• Supplied records:

+===+

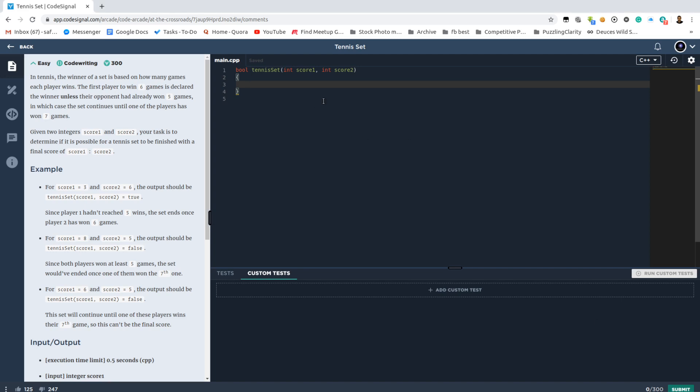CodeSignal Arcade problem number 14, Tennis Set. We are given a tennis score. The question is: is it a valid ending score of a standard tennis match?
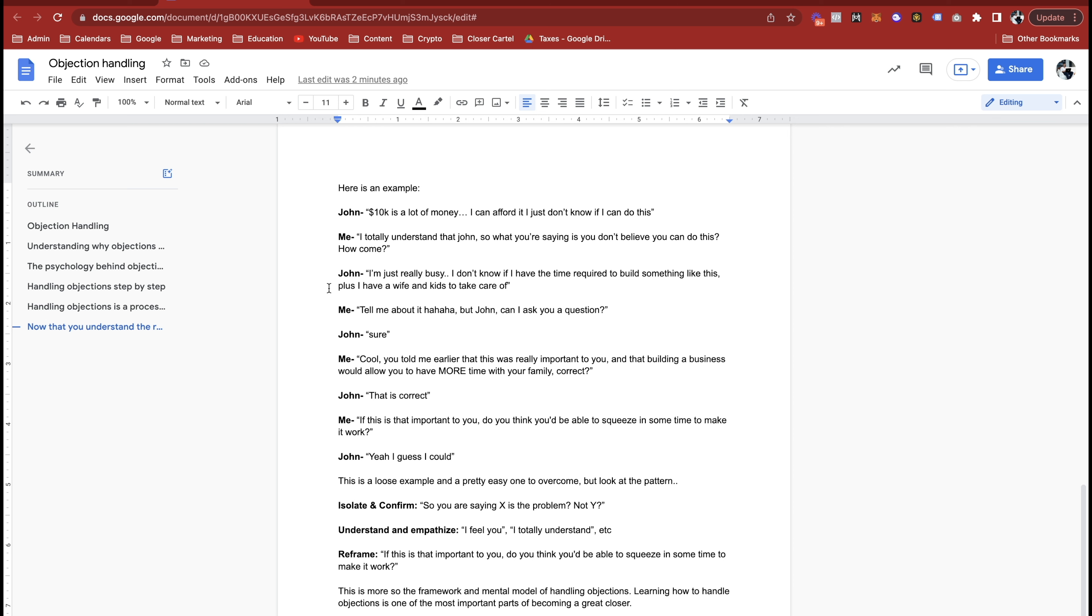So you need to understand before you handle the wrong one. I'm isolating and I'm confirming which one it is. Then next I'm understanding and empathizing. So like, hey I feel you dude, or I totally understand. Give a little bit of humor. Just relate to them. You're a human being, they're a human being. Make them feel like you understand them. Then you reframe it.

+===+

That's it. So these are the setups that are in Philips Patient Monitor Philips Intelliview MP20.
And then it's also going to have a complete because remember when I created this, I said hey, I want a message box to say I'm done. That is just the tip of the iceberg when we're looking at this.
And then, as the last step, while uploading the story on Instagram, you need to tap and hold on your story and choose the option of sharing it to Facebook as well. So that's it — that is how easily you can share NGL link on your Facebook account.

+===+

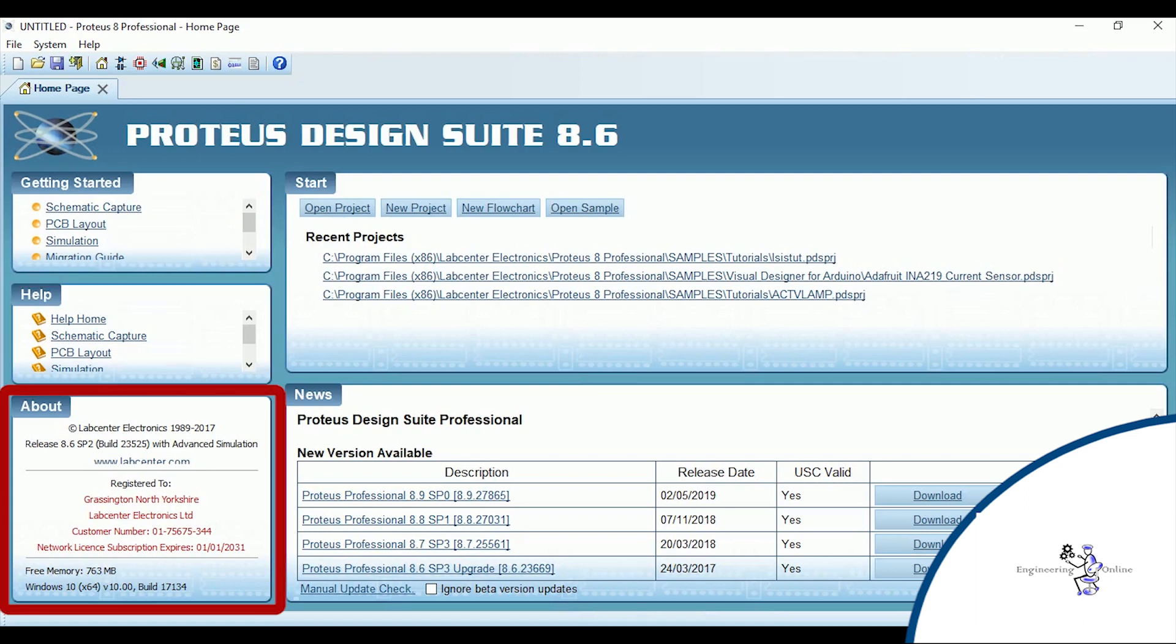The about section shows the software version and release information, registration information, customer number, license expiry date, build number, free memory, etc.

+===+

All lines above starting at the one with "CodeSignal Arcade problem" and ending at the one with "So you need", inclusive, are to be printed again exactly, with the pictures left out.

• Answer box:
CodeSignal Arcade problem number 14, Tennis Set. We are given a tennis score. The question is: is it a valid ending score of a standard tennis match?
So you need to understand before you handle the wrong one. I'm isolating and I'm confirming which one it is. Then next I'm understanding and empathizing. So like, hey I feel you dude, or I totally understand. Give a little bit of humor. Just relate to them. You're a human being, they're a human being. Make them feel like you understand them. Then you reframe it.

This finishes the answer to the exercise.